When a domU sends a packet to dom0, the ethernet frame is put into a shared page and access is granted for dom0 to use it.

While dom0 is using that page for the shared ethernet frame, there is a danger that a busy network might drain all available shared pages and Xen may panic.

As long as dom0 is immediately copying off frames to another network interface to be shipped off, there is no problem.

If, however, packets are destined to be processed by dom0 userspace, that skb sits in kernel space until the userspace daemon processes that packet's contents. This causes a strain and potential exhaustion of shared dom0/domU pages for these packets to sit around until they are handled.

Ouch.

This is where netloop comes in. Netloop is a Xen driver that provides a vif0.0/veth0 pair locally to the dom0 explicitly to be used to buffer those ethernet frames. By adding vif0.0 to a bridge along with the vif of a domU guest, any packets destined to be handled by dom0 userspace can take its sweet time and no problems will befall the system.

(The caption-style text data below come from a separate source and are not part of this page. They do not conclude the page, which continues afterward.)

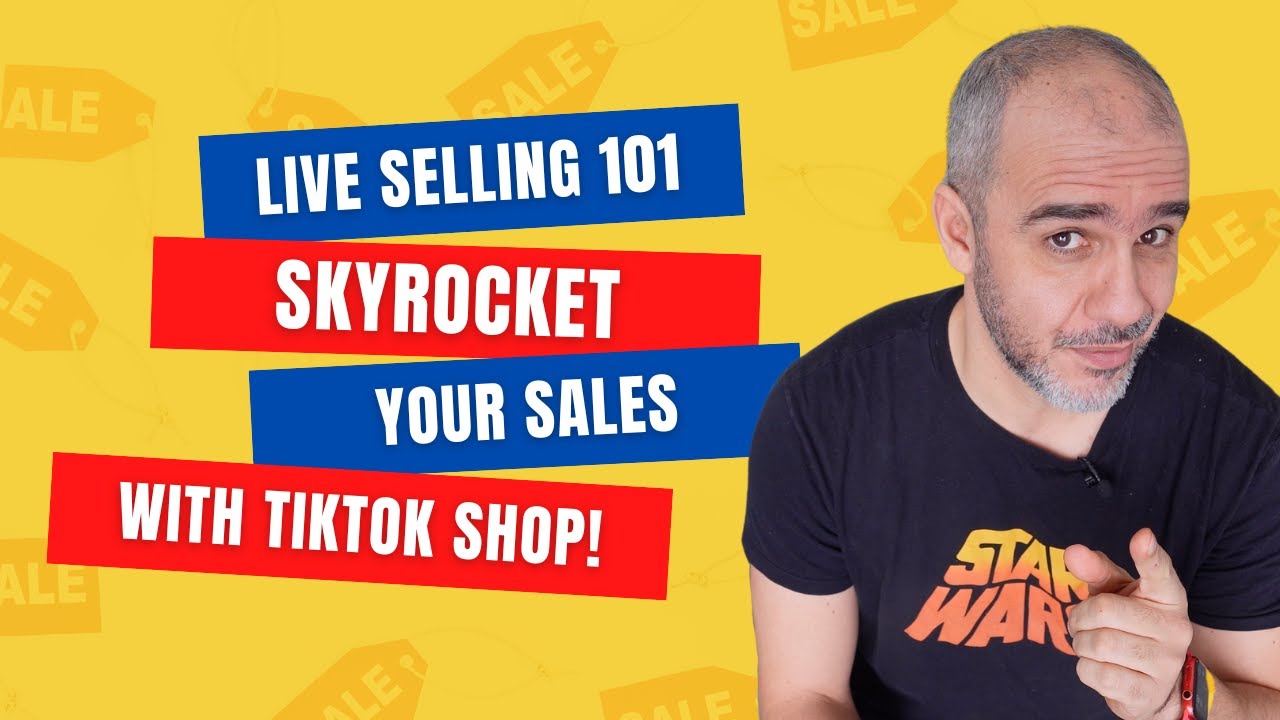 Live Selling 101: How to Skyrocket Your Sales with TikTok Shop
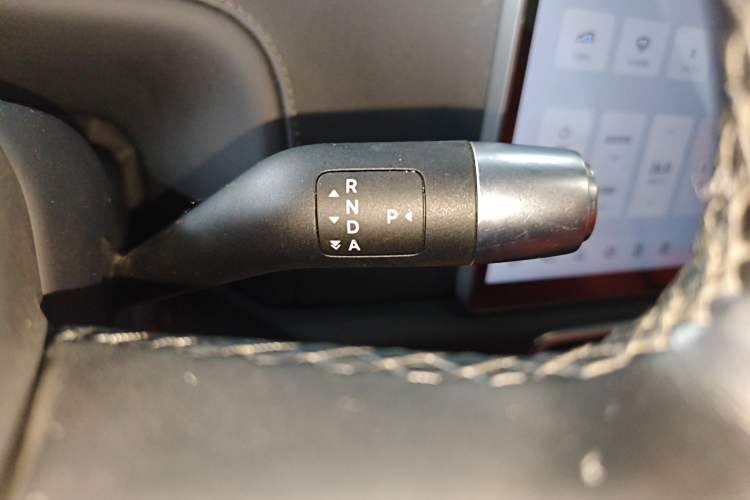 Used Li Auto L7 2023 Max model
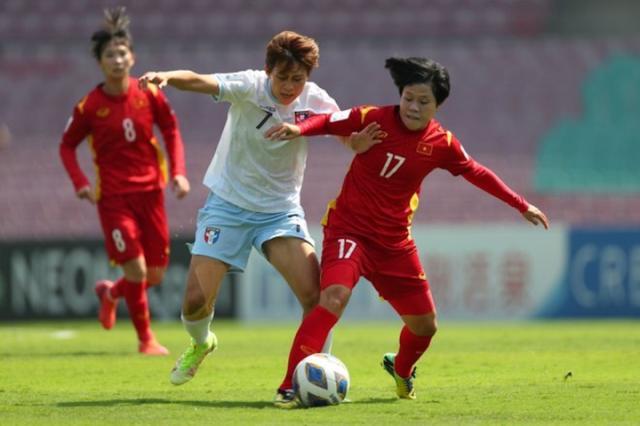 越南男足吊打国足之后，越南女足首次晋级世界杯!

If you have any dom0 servicing domUs with userspace daemons, and you're not using a netloop to copy the frames, you may want to rethink this immediately. This includes routed/bridged/natted configurations, anything where a packet is handled by a dom0 userspace daemon coming from a domU.

Xen schedulers

There are 3 schedulers in Xen:

  • BVT
  • SEDF
  • CREDIT

Both BVT and SEDF are "complex and buggy", and will go away in future releases.

CREDIT

  • Is the simplest of the bunch to use.
  • Handles SMP much more efficiently than both of the previous schedulers.
  • Doesn't have the real-time behavior of SEDF (time-sensitive guests can be impacted, such as VoIP or any RTP streaming applications)
  • Is the default scheduler in 3.0.3 and newer
  • Is the only one that will survive going forward

Xen HVM gotchas

HVM domains require an Intel VT or an AMD V (SVM) capable processor. You can check your cpuinfo flags for "vmx" or "svm" to see if your processor has support for this feature.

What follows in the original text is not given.